Piper’s understanding of Jesus’ great statement in Mark 8:34 demonstrates the pervasive misunderstanding among Evangelicals regarding what Jesus meant when He said, “If anyone wishes to come after Me let him deny himself and take up his cross and follow Me.” Like so many others Piper is applying Jesus’ great statement to our discipleship, when Jesus is speaking about what is necessary for our salvation. What it means to deny ourselves and to take up our cross, for our salvation, is what we must understand.
His error has caused him to paint himself into a corner. He knows that it cannot mean that in order to be saved we have to literally take up a cross. Namely, that only martyrs are saved. Instead he goes, like so many others, to a mere willingness to make the ultimate sacrifice. He reduces Jesus’ awesome requirement for salvation to: “Jesus has become more precious to us than approval, honor, comfort, and life.”
Ironically, out of a high regard for Jesus’ teaching Piper has undermined the true seriousness of Jesus’ teaching. Jesus says that we must deny ourselves and we must take up our cross in order to come after Him. How can Piper reduce it to a mere willingness to do so?
Piper says that taking up our cross is when we subject ourselves to opposition, shame, suffering, and death. Ok, go ahead and try to come after Jesus by any one of these things or all four upon a literal cross and it still will not determine your salvation. This is perfect teaching for those who are self-righteous, who think that they can merit coming after Jesus by the sad story of their life.
The problem with Piper’s understanding of equating things in our life that we could consider opposition, shame, suffering, and death, as taking up our cross, is that our bodies, our flesh, our very selves, are counted dead in sin. It is of as much value as beating a dead horse. Our flesh merits nothing, no matter what it suffers, and is useless as a medium in order to follow after Jesus. While we are to put to death sin, in doing so, our flesh has not suddenly become meritorious.
Piper’s view of taking up our cross is also incomplete because it is necessarily of an undefined measure, unless we are actually put to death! Do we say that we have taken up our cross when we have had only a little opposition, a little shame, and just a little bit of suffering? What if it is only for a short period of time? Do we still count ourselves having taken up our cross when we are enjoying life and there is no opposition, no shame, and no suffering?
Why do I feel like I am opposing a Roman Catholic? Evangelical Christians, like the Galatians, are time and again constructing idols. Idols are easily smashed by the truth of God’s Word, though they are skillfully crafted by persons who wield spiritual authority when they misrepresent the truth.

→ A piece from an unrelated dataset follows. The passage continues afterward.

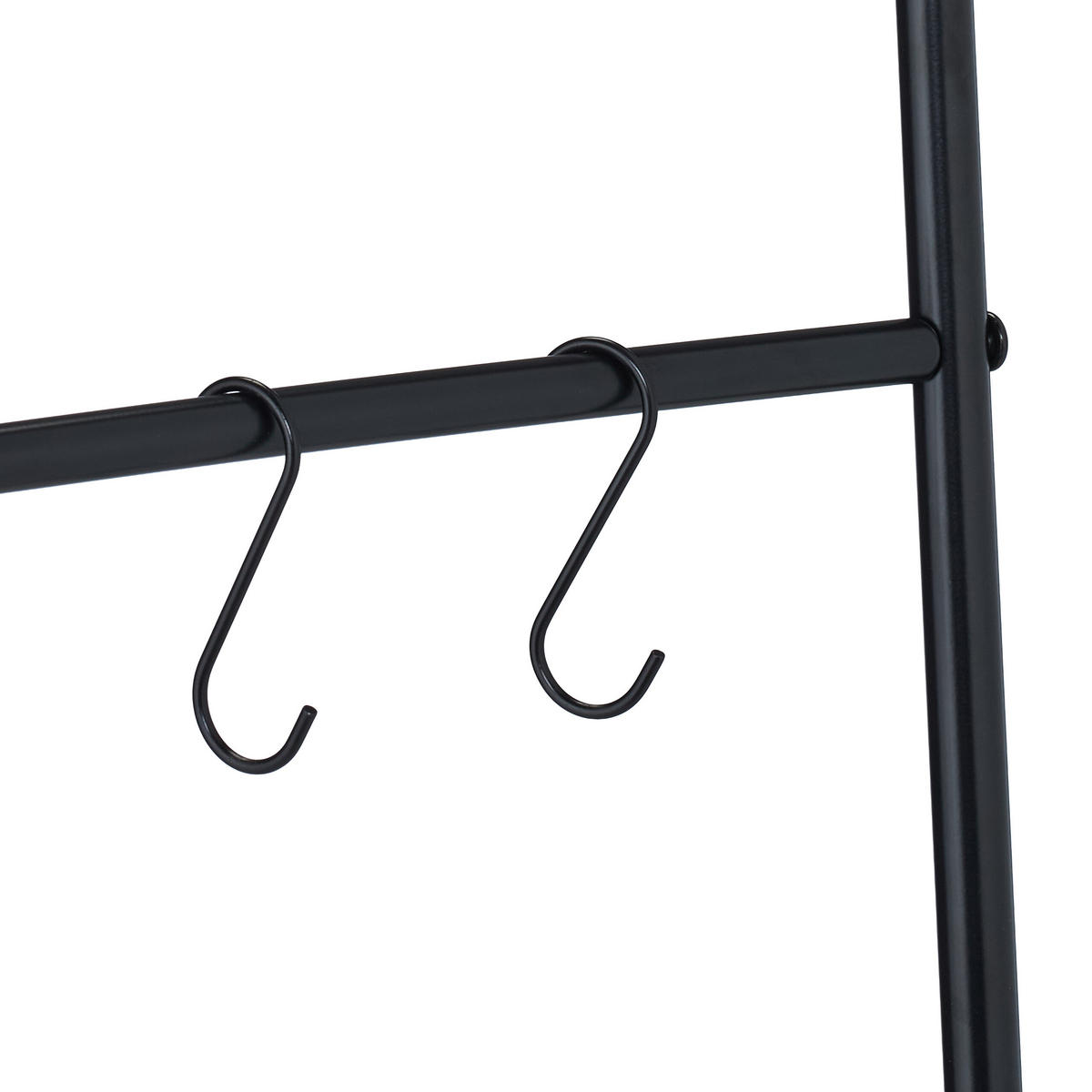 HANDTUCHLEITER - Schwarz, Kunststoff/Metall (58/178/1.5cm) - Relaxdays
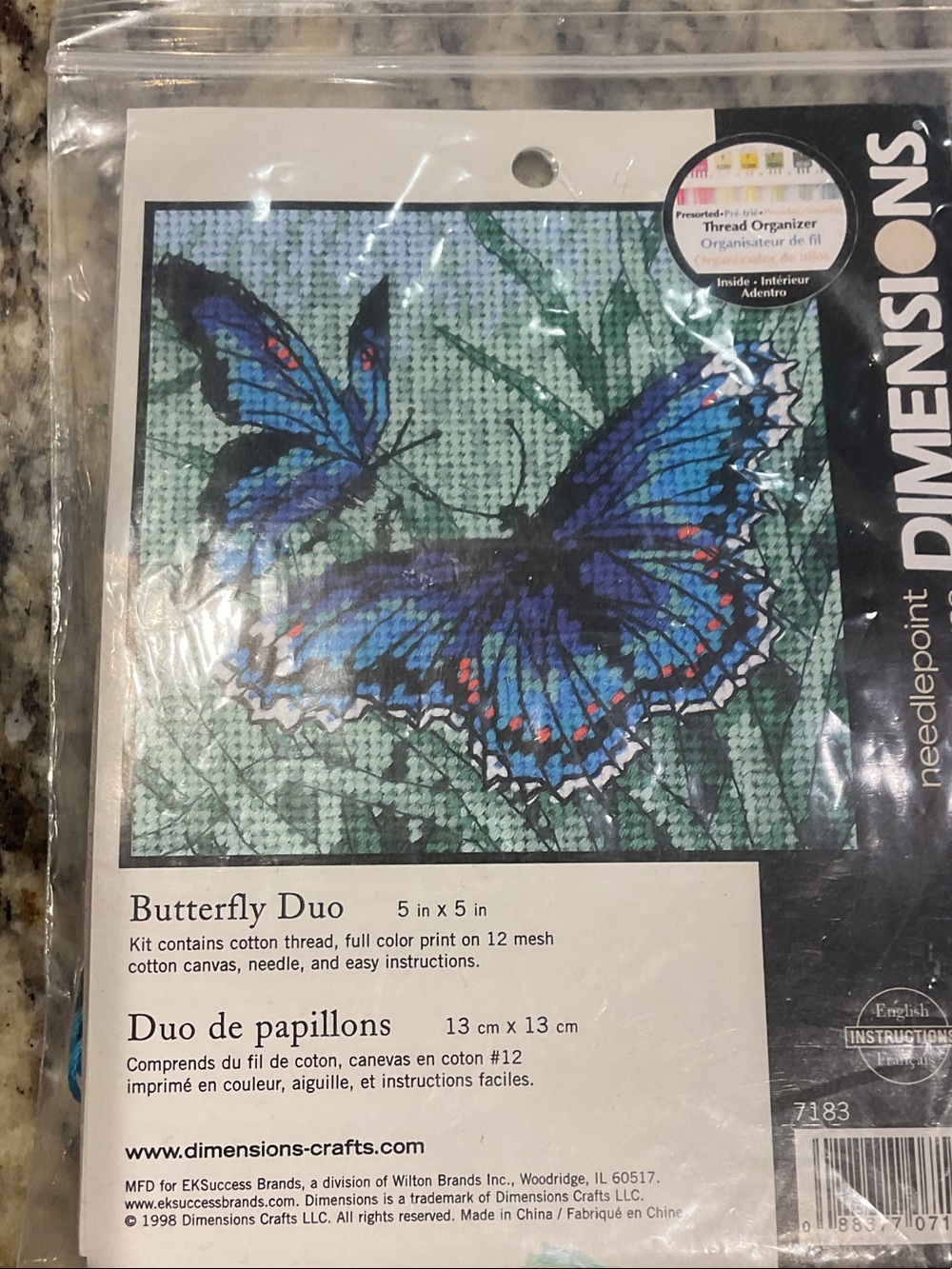 Dimensions Butterfly Duo Needlepoint 5x5” cotton thread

There is a reason why men teach such things. By putting people under burdening error the hearers become dependent upon false teachers and will seek them out for the false fulfillment of such errors. As Paul warned, ‘They eagerly seek you, not commendably, but they wish to shut you out so that you will seek them.’ [Galatians 4:17].
Taking up our cross cannot mean a mere willingness to suffer and to die. Jesus was speaking about what is necessary for our salvation and that means we need to be able to say concretely that we have denied ourselves and we have taken up our cross! Jesus was saying that in order to come after Him we need to deny ourselves and take up our cross in a far more profound way than what Piper would have us to do.
We need to take up a cross that causes us to die to sin and to the Law, not a cross of our own estimation that is of no fleshly value.